**What to work on**
Your task is to copy the listing exactly, with the pictures left out.

───── Exercise data ─────

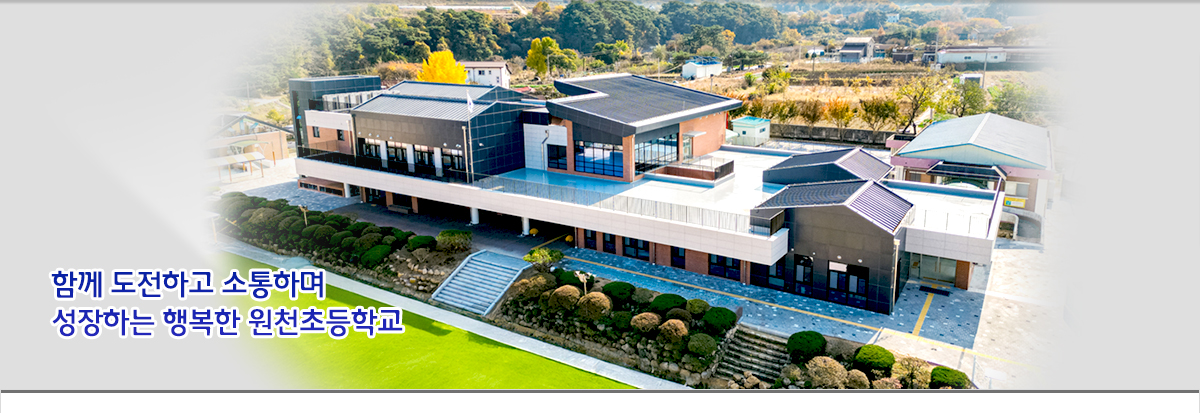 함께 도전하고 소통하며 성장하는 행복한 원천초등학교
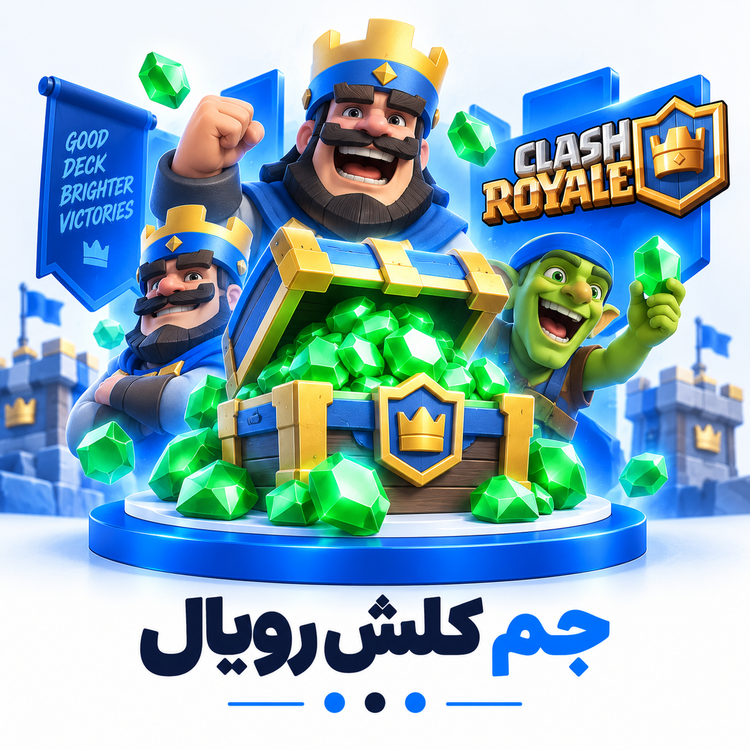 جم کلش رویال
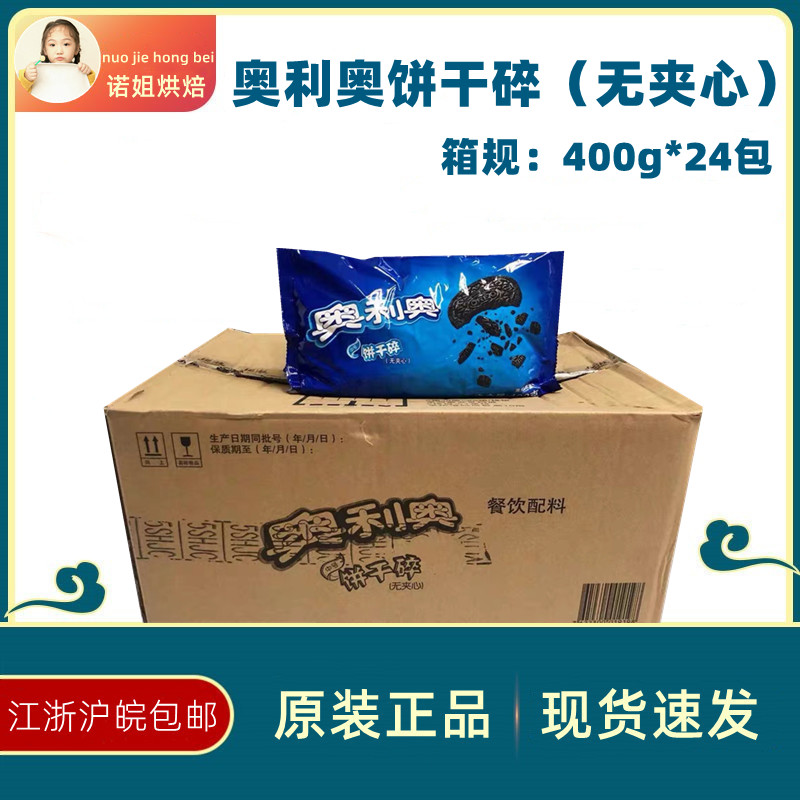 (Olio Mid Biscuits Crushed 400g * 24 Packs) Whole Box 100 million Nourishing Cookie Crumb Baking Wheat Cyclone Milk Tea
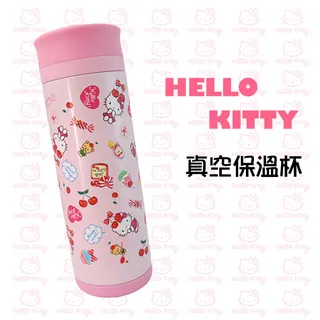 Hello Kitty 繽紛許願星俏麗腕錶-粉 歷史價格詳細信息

─────

**Exercise result**
 함께 도전하고 소통하며 성장하는 행복한 원천초등학교
 جم کلش رویال
 (Olio Mid Biscuits Crushed 400g * 24 Packs) Whole Box 100 million Nourishing Cookie Crumb Baking Wheat Cyclone Milk Tea
 Hello Kitty 繽紛許願星俏麗腕錶-粉 歷史價格詳細信息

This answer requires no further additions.